**Problem details**
Going from the top of the listing below to the line that holds "Zestaw Brielle Bistro", reproduce each line exactly; no pictures.

**Given records**
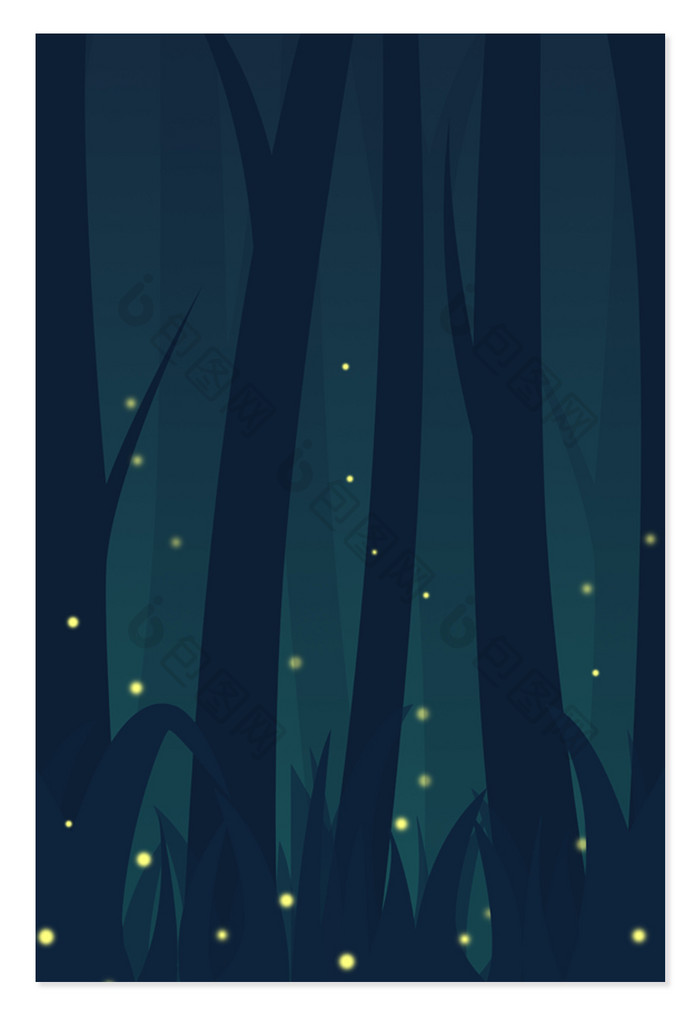 简约森林夜景萤火虫设计背景图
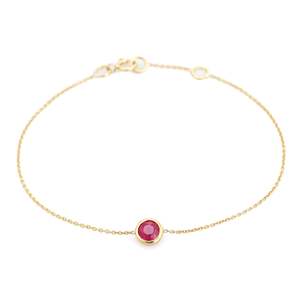 14K Solid Gold Solitaire Ruby Chain <b>Bracelet</b> <b>for</b> <b>Girlfriend</b> - Product Image 5
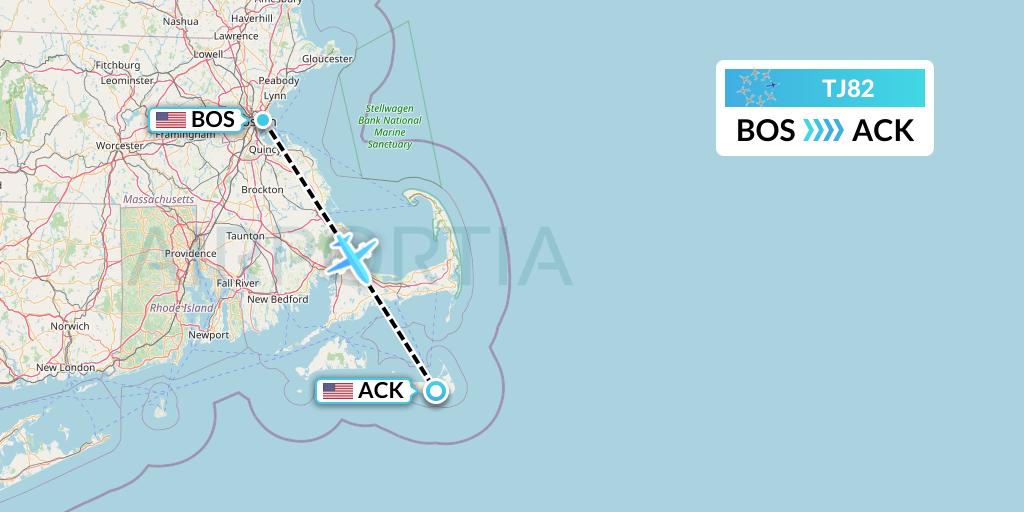 TJ82 Tradewind Aviation Flight Map: Boston to Nantucket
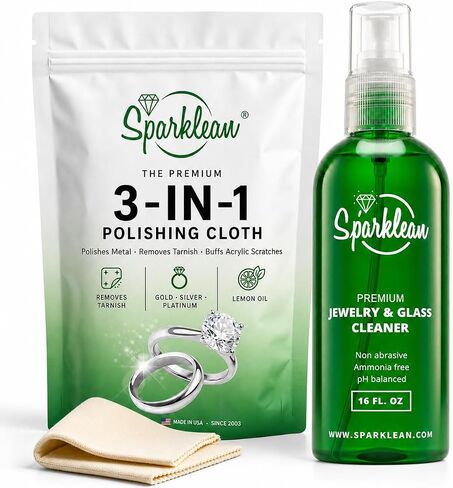مجموعة Ultimate Shine للمجوهرات والنظارات - مزيل خدوش صديق للبيئة وقماش مضاد للضباب للمعادن الثمينة والعناية بالعدسات | لا بصمات الأصابع | منقوع زيت الليمون | رذاذ 16 أونصة | صنع فى أمريكا in Kuwait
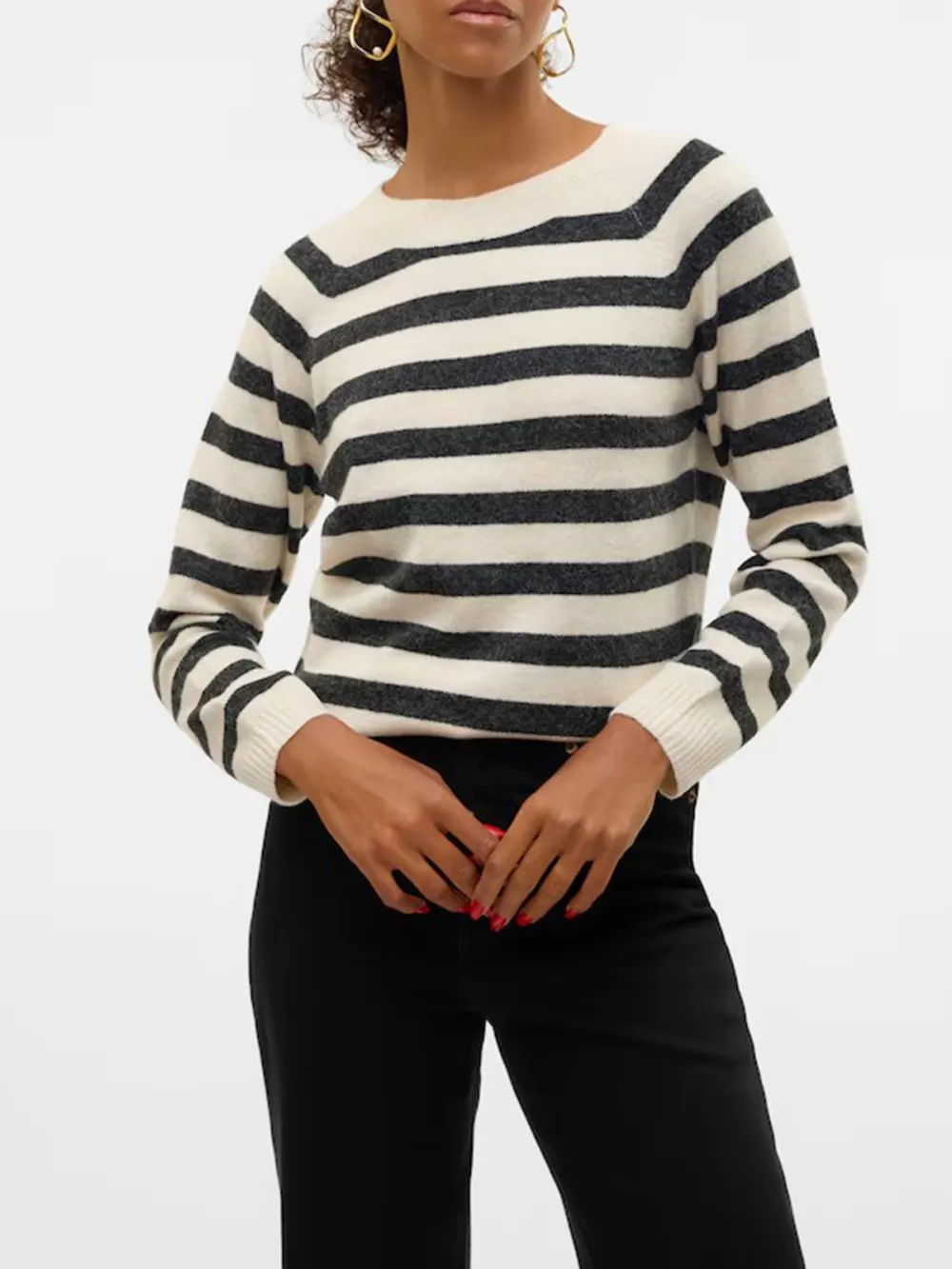 Striped Crew Neck Long Sleeve Sweaters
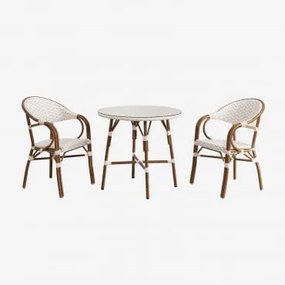 Zestaw Brielle Bistro Składający Się Ze Stołu Okrągłego O Średnicy 80 Cm I 2 Składanych Aluminiowych Krzeseł Ogrodowych Z Podłok Nude Beżowy - Gardeni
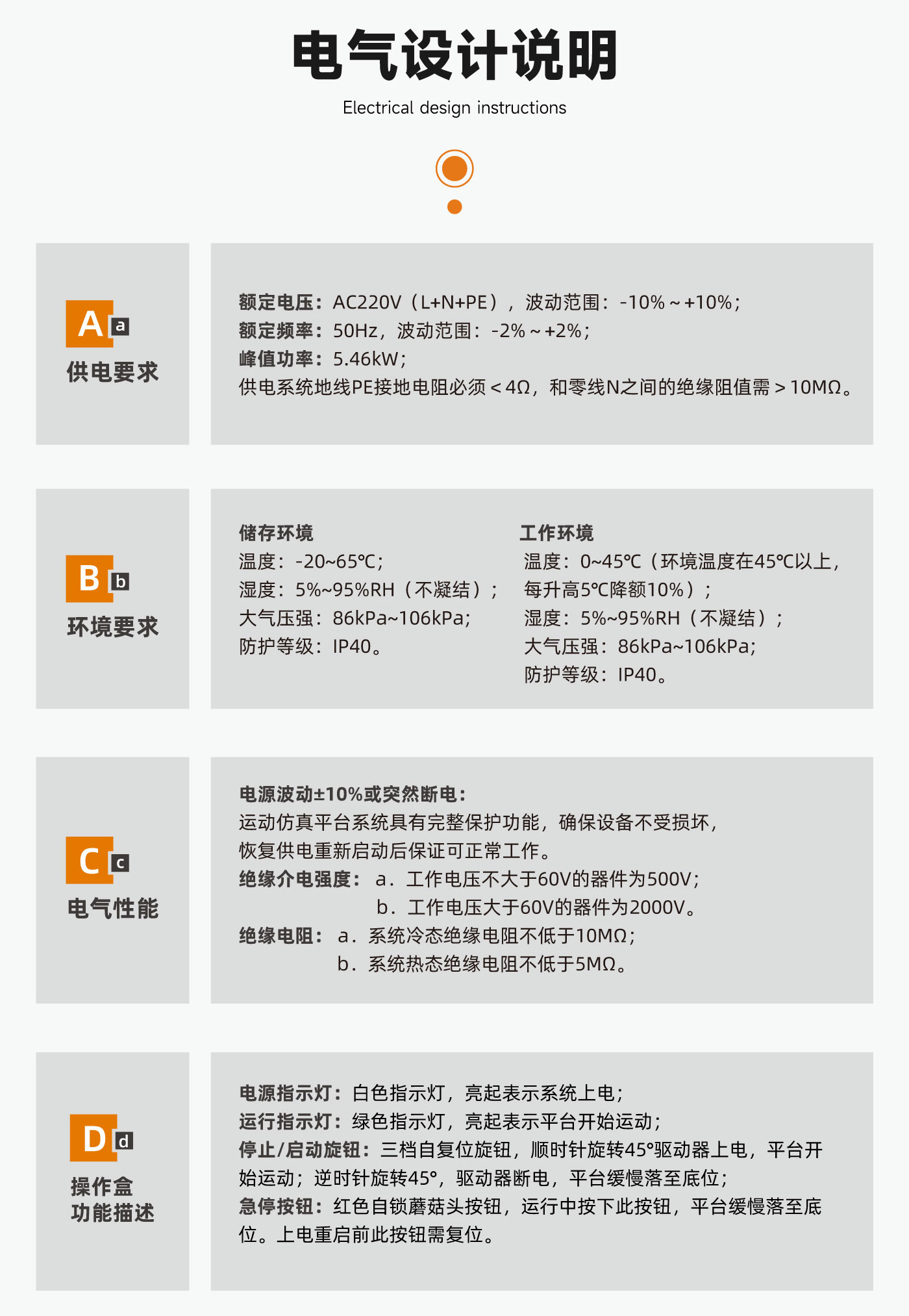 六自由度运动平台电气说明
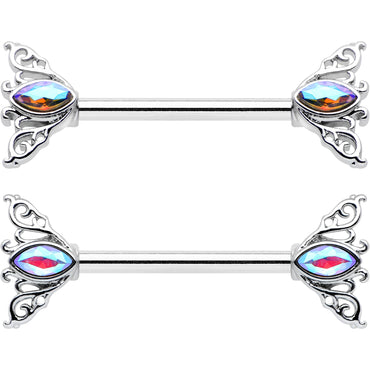 14G 9/16 Aurora Gem Deco Waves Barbell Nipple Ring Set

**Answer box**
 简约森林夜景萤火虫设计背景图
 14K Solid Gold Solitaire Ruby Chain <b>Bracelet</b> <b>for</b> <b>Girlfriend</b> - Product Image 5
 TJ82 Tradewind Aviation Flight Map: Boston to Nantucket
مجموعة Ultimate Shine للمجوهرات والنظارات - مزيل خدوش صديق للبيئة وقماش مضاد للضباب للمعادن الثمينة والعناية بالعدسات | لا بصمات الأصابع | منقوع زيت الليمون | رذاذ 16 أونصة | صنع فى أمريكا in Kuwait
 Striped Crew Neck Long Sleeve Sweaters
 Zestaw Brielle Bistro Składający Się Ze Stołu Okrągłego O Średnicy 80 Cm I 2 Składanych Aluminiowych Krzeseł Ogrodowych Z Podłok Nude Beżowy - Gardeni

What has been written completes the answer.